Gender and Misinformation in Global Contexts

Yvonne Eadon1, Marie Hermanova2, Omneya M Ibrahim3, Edith Hollander3, Suay Melisa Özkula4, Terrin Rosen5

1Center for Information, Technology, and Public Life (CITAP), University of North Carolina at Chapel Hill, United States of America; 2Institute of Sociology, Czech Academy of Sciences, Czech Republic; 3The University of Texas at Austin; 4Università degli Studi di Trento; 5Independent Researcher

Digital platforms are increasingly conflicted spaces, where women, LGBTQ+ people, and members of various minorities are disproportionately targeted by hate actors. As a result, their everyday experiences of being and communicating on (overwhelmingly male-coded) platforms differ from those of (cisgender, white) men. Gender as an analytical category thus plays a significant role in understanding the dynamics of online misinformation, disinformation, and conspiracy theories. Though some research has been done, there is a dearth of scholarship on gender as it relates to mis- and disinformation. Gender has been explored as a content category in misinformation narratives and campaigns, such as the notion of “gender ideology” in Russian propaganda in Europe (Sata 2021, Graff and Korolczuk 2021), and in conservative law and policymaking in the United States (Tripodi, 2022, 38). Attention has also been paid to the ways in which the production and reception of misinformation are gendered, for example how female influencers produce misinformation that targets their female audiences (Baker 2022) or how different types of narratives are perceived differently by men and women (Almenar et al 2021). This panel invites further research into gender and misinformation, broadly conceived, exploring what gendered misinformation and disinformation that targets cisgender women and gender minorities looks like in practice, in a variety of global contexts.

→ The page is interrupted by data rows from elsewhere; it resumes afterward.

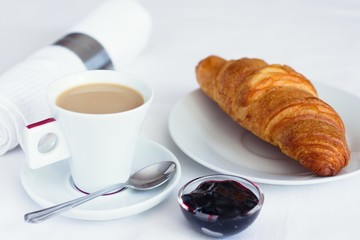  Coffee and croissant with butter and blueberry jam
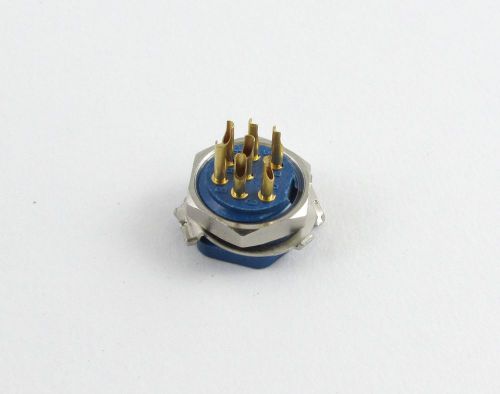QTY (10) Amphenol 126-196 Blue Circular Connector, Type F, 7 Pin Gold Contacts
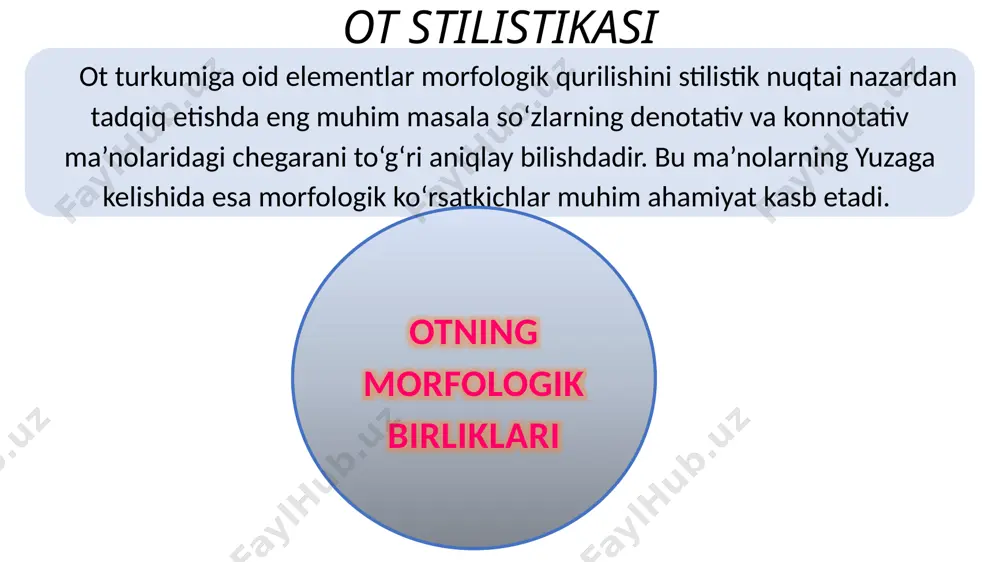iy rasmiy nutqni to‘g‘ri va ta’sirli tuzishda, nutqiy uslublarni maqsadga to‘la muvofiq shakllantirishda uslubiy bo‘yoq alohida o‘rin tutadi. uslubiy bo’yoq ikki xil bo’ladi: so’zlashuv publisistik badiiy hurmat ottenkasi ammo har ikkala komponentga ham qo‘shilib dadamlar keldilar deyish stilistik farqlanishni keltirib chiqaradi, ya’ni birinchi so‘zdagi –lar ko‘plikni anglatadi va ikkita dadaning, masalan, o‘z otasi va qaynotasining birgalikda kelganligini anglatadi. dadamlar keldi – ko’plik dadam keldilar. hurmat egalik kelishik ko‘plik: hurmat, kinoya, piching, kesatish, noaniqlik, takror, kuchaytirish, ta’kid, otning morfologik birliklari nutqiy uslublarda uslubiy bo‘yoq so’zlashuv publisistik badiiy ilmiy rasmiy nutqni to‘g‘ri va ta’sirli tuzishda, nutqiy uslublarni maqsadga to‘la muvofiq shakllantirishda uslubiy bo‘yoq alohida o‘rin tutadi. uslubiy bo’yoq ikki xil bo’ladi: so’zlashuv publisistik badiiy ta’kid, kuchaytirish, mubolag‘a ottenkalari u nihoyatda kuchli emotsionallikni ifoda etishi, poetik mahorat namunasiga aylanishi ham mumkin: umringga achinmagan ketmaydimi chiriblar badiiy uslubda ta’kid, kuchaytirish, mubolag‘a singari ottenkalar ko‘proq anglashiladi: shu ko‘zlar yulduzday abadiy kulsin, bahor yo‘llaringga to‘shasin chechak …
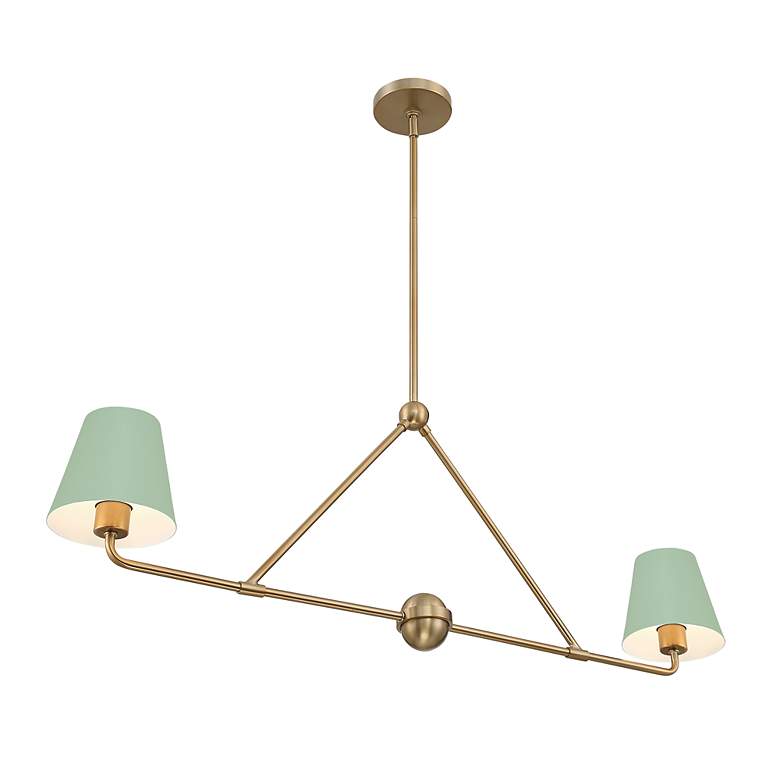 Image 3 Crystorama Xavier 2 Light Vibrant Gold + Green Chandelier more views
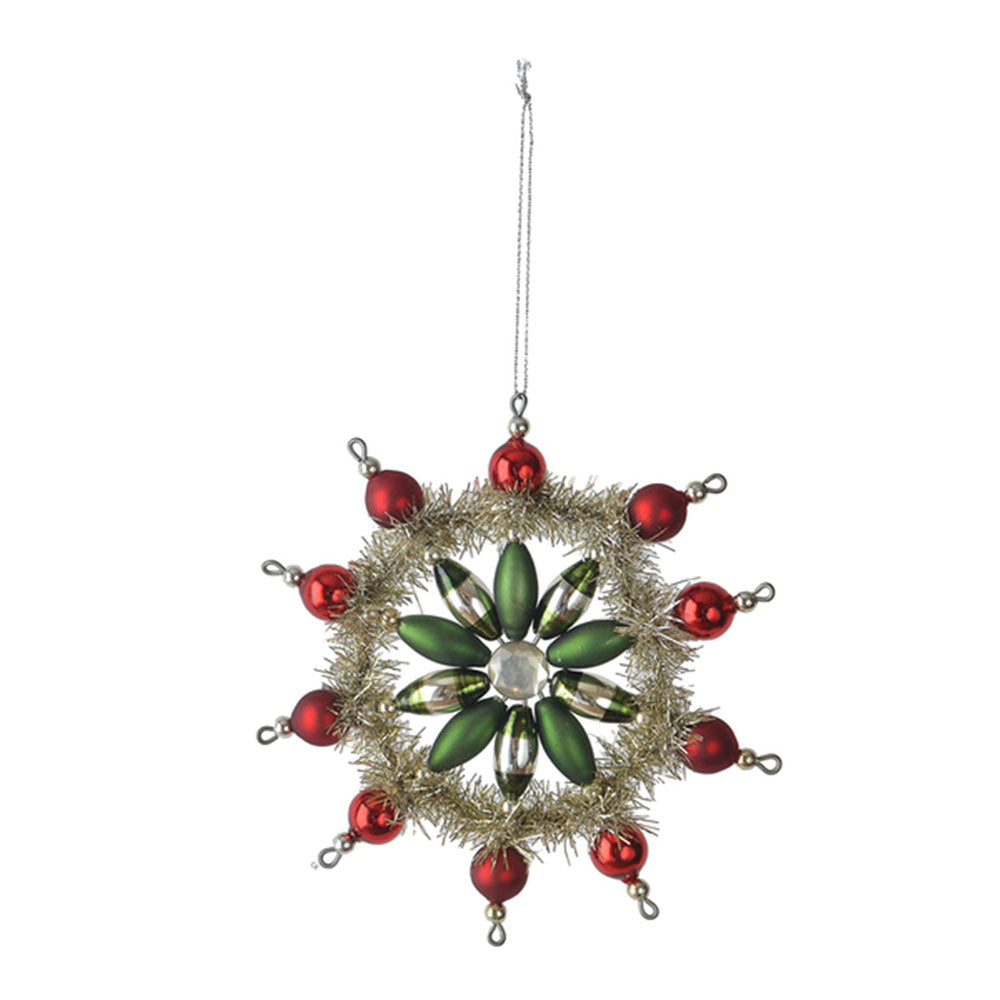 Vintage Style Glass & Tinsel Snowflake Ornaments Set of 6-1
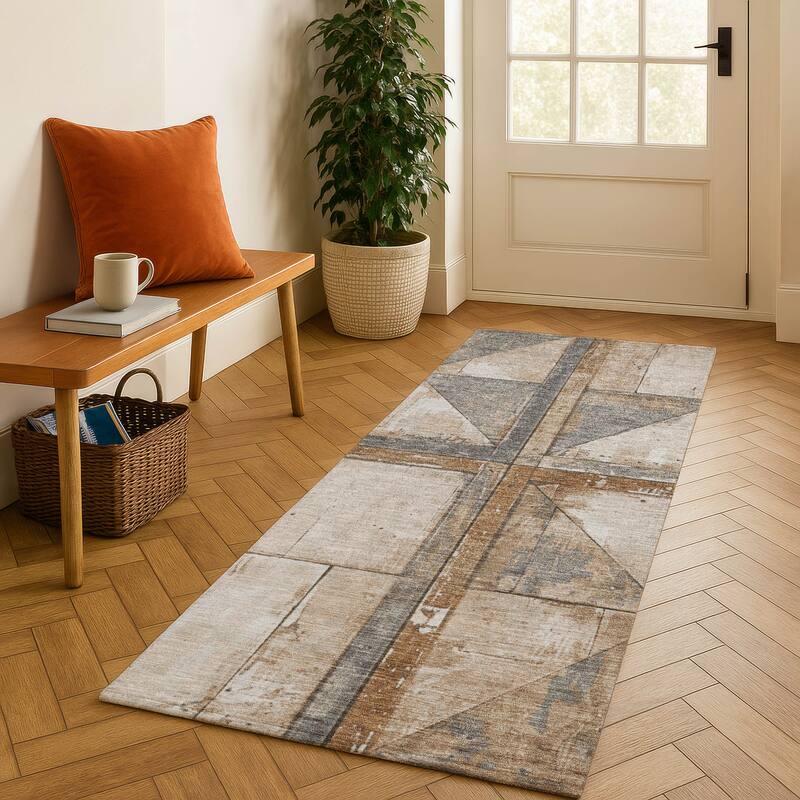 Premium Washable Super Soft Contemporary Geo Mayfield Rug - Copper - 2'3" x 7'6"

The papers included in this panel explore misinformation through the lens of gender in a variety of ways, including by introducing novel feminist methodological approaches; offering definitions of what “gendered misinformation,” might refer to, and how it functions distinctly; investigating the rhetorical and epistemic aspects of platformized neoliberal, white, and conservative feminisms; and asking what feminized mis- and disinformation looks like in practice. By covering examples from different geographical contexts (the United States, Central Europe, and the Middle East) and a wide range of topics (the anti-abortion movement, misogynistic deepfakes, gendered health misinformation, and feminized, fandom-adjacent conspiracy theories), this panel aspires to open a debate about defining gendered mis- and disinformation as an interdisciplinary research field.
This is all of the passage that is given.